Problem requirements
Print every line of the listing below, starting with the line that holds "Testimonianza - 36a" and going on through the line that holds "Jeep Wrangler BRUTE", both included, and print nothing else.

Data for review
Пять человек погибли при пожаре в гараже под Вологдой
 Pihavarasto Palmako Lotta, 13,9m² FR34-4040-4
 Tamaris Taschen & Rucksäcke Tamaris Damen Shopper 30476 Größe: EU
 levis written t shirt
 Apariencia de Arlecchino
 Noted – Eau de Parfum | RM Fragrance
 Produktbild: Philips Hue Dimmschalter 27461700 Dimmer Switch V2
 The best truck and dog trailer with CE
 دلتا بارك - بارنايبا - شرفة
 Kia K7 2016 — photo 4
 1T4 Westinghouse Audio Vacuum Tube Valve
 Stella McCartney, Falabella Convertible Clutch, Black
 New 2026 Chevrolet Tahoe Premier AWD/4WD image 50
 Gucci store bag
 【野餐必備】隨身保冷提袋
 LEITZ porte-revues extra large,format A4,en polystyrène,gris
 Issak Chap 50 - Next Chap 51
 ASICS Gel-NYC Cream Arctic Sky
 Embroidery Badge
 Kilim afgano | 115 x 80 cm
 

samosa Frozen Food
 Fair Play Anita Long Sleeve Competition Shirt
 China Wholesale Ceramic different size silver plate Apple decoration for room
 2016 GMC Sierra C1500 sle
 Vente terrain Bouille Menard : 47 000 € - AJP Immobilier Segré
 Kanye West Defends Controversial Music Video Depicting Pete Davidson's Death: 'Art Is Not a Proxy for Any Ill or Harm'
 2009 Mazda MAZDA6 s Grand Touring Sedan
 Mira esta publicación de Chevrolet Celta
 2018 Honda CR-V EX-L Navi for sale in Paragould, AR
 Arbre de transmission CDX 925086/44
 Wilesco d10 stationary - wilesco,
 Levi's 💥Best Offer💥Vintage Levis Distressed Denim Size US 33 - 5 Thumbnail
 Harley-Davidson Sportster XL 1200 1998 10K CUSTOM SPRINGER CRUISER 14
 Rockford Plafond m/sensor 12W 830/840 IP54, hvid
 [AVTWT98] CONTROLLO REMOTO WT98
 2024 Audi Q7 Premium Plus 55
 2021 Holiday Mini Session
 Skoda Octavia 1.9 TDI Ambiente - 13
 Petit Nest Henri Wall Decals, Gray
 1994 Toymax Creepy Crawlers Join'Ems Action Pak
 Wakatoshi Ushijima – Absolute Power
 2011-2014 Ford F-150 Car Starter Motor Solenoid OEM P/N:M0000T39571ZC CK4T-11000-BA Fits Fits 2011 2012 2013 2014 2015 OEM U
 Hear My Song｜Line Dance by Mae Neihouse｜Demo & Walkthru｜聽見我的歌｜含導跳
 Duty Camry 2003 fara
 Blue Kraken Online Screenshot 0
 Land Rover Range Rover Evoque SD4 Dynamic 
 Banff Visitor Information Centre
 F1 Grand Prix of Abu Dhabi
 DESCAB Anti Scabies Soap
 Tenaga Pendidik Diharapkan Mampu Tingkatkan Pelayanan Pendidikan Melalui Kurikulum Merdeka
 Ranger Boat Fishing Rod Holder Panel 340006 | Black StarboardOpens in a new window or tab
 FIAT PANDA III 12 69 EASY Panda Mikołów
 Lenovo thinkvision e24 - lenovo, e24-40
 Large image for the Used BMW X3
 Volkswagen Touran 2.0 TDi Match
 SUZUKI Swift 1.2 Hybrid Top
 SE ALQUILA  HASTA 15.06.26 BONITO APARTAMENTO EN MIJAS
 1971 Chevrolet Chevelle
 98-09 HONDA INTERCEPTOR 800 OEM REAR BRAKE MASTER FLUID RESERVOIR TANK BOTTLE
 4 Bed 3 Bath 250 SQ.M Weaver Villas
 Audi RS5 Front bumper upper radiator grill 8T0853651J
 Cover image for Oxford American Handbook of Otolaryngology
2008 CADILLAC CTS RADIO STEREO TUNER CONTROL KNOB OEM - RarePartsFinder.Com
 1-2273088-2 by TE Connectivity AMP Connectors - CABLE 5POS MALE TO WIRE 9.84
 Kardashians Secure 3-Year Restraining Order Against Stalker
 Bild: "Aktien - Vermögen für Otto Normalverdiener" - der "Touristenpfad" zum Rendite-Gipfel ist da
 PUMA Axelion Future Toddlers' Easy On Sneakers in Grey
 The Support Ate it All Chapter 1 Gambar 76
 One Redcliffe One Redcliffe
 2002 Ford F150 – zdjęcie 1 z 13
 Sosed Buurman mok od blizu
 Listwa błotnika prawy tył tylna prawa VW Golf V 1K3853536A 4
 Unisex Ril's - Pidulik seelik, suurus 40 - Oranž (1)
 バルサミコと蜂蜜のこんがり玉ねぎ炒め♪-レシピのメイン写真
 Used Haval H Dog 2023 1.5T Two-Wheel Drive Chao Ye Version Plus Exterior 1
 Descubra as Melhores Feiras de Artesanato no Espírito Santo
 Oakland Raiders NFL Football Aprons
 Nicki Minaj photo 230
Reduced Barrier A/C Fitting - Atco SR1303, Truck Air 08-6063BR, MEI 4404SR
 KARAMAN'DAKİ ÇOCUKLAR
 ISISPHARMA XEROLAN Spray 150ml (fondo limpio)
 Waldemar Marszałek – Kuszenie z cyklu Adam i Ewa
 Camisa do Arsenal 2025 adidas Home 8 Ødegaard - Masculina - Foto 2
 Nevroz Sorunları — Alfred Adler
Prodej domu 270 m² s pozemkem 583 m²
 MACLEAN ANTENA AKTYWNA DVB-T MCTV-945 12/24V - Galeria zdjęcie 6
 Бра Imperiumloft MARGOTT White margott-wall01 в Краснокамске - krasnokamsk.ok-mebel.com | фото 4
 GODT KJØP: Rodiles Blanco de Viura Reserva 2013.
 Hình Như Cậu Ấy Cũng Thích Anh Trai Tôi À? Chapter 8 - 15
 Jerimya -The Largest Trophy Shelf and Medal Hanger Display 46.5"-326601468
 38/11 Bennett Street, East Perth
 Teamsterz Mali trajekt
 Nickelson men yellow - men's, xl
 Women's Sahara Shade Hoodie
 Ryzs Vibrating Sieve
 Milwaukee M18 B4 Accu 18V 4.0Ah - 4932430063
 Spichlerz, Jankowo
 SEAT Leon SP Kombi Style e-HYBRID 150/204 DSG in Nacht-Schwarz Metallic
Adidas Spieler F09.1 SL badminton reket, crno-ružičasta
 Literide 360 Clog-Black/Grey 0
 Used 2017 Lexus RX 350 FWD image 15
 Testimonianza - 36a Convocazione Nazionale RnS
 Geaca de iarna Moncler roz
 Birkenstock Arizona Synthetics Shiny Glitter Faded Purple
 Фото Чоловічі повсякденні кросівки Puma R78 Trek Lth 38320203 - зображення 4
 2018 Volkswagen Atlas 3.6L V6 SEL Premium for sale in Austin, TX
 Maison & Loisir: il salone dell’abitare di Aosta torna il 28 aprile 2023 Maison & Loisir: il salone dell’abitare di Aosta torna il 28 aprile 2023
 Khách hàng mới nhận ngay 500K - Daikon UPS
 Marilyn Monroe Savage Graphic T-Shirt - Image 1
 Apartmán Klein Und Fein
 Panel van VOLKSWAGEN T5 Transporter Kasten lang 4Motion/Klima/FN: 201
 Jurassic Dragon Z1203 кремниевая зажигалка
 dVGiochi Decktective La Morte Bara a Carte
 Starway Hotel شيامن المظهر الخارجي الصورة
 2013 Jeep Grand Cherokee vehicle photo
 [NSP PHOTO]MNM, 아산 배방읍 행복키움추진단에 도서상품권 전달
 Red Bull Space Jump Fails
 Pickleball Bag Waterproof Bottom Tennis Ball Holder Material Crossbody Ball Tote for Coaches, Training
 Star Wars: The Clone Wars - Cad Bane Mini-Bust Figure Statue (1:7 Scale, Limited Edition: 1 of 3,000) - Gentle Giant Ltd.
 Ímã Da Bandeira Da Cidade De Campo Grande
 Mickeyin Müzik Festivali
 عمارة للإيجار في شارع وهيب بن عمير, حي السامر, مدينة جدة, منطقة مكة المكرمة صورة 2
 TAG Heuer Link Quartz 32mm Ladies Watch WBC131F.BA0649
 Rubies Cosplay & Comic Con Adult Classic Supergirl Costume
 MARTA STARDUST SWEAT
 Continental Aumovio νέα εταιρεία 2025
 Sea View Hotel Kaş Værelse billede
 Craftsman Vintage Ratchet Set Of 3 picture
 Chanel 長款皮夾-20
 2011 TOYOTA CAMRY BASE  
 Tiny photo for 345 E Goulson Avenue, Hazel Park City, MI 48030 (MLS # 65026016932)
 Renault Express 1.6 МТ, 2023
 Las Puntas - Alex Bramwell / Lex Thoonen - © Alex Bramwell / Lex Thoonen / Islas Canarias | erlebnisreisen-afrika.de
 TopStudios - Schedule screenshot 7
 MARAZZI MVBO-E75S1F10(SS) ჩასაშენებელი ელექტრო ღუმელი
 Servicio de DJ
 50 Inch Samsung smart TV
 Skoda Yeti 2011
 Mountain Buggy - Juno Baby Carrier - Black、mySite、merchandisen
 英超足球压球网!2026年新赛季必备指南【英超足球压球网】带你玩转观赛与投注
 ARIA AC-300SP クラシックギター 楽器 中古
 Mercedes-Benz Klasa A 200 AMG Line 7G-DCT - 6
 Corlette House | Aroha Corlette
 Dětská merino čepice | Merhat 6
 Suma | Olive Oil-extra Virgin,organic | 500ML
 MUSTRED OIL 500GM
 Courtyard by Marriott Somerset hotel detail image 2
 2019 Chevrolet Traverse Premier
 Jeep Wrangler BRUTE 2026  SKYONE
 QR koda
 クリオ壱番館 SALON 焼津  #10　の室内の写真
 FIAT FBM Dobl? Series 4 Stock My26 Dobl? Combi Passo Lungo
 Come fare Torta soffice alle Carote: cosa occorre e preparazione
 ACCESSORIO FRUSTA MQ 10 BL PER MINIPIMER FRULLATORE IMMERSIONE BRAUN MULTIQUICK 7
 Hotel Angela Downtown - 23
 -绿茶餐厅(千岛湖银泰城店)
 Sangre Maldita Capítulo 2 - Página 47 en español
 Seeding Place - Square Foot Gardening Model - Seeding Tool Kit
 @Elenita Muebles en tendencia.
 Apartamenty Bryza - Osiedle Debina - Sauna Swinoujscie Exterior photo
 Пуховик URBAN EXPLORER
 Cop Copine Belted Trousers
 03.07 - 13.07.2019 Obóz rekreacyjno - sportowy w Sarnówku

Result below
 Testimonianza - 36a Convocazione Nazionale RnS
 Geaca de iarna Moncler roz
 Birkenstock Arizona Synthetics Shiny Glitter Faded Purple
 Фото Чоловічі повсякденні кросівки Puma R78 Trek Lth 38320203 - зображення 4
 2018 Volkswagen Atlas 3.6L V6 SEL Premium for sale in Austin, TX
 Maison & Loisir: il salone dell’abitare di Aosta torna il 28 aprile 2023 Maison & Loisir: il salone dell’abitare di Aosta torna il 28 aprile 2023
 Khách hàng mới nhận ngay 500K - Daikon UPS
 Marilyn Monroe Savage Graphic T-Shirt - Image 1
 Apartmán Klein Und Fein
 Panel van VOLKSWAGEN T5 Transporter Kasten lang 4Motion/Klima/FN: 201
 Jurassic Dragon Z1203 кремниевая зажигалка
 dVGiochi Decktective La Morte Bara a Carte
 Starway Hotel شيامن المظهر الخارجي الصورة
 2013 Jeep Grand Cherokee vehicle photo
 [NSP PHOTO]MNM, 아산 배방읍 행복키움추진단에 도서상품권 전달
 Red Bull Space Jump Fails
 Pickleball Bag Waterproof Bottom Tennis Ball Holder Material Crossbody Ball Tote for Coaches, Training
 Star Wars: The Clone Wars - Cad Bane Mini-Bust Figure Statue (1:7 Scale, Limited Edition: 1 of 3,000) - Gentle Giant Ltd.
 Ímã Da Bandeira Da Cidade De Campo Grande
 Mickeyin Müzik Festivali
 عمارة للإيجار في شارع وهيب بن عمير, حي السامر, مدينة جدة, منطقة مكة المكرمة صورة 2
 TAG Heuer Link Quartz 32mm Ladies Watch WBC131F.BA0649
 Rubies Cosplay & Comic Con Adult Classic Supergirl Costume
 MARTA STARDUST SWEAT
 Continental Aumovio νέα εταιρεία 2025
 Sea View Hotel Kaş Værelse billede
 Craftsman Vintage Ratchet Set Of 3 picture
 Chanel 長款皮夾-20
 2011 TOYOTA CAMRY BASE  
 Tiny photo for 345 E Goulson Avenue, Hazel Park City, MI 48030 (MLS # 65026016932)
 Renault Express 1.6 МТ, 2023
 Las Puntas - Alex Bramwell / Lex Thoonen - © Alex Bramwell / Lex Thoonen / Islas Canarias | erlebnisreisen-afrika.de
 TopStudios - Schedule screenshot 7
 MARAZZI MVBO-E75S1F10(SS) ჩასაშენებელი ელექტრო ღუმელი
 Servicio de DJ
 50 Inch Samsung smart TV
 Skoda Yeti 2011
 Mountain Buggy - Juno Baby Carrier - Black、mySite、merchandisen
 英超足球压球网!2026年新赛季必备指南【英超足球压球网】带你玩转观赛与投注
 ARIA AC-300SP クラシックギター 楽器 中古
 Mercedes-Benz Klasa A 200 AMG Line 7G-DCT - 6
 Corlette House | Aroha Corlette
 Dětská merino čepice | Merhat 6
 Suma | Olive Oil-extra Virgin,organic | 500ML
 MUSTRED OIL 500GM
 Courtyard by Marriott Somerset hotel detail image 2
 2019 Chevrolet Traverse Premier
 Jeep Wrangler BRUTE 2026  SKYONE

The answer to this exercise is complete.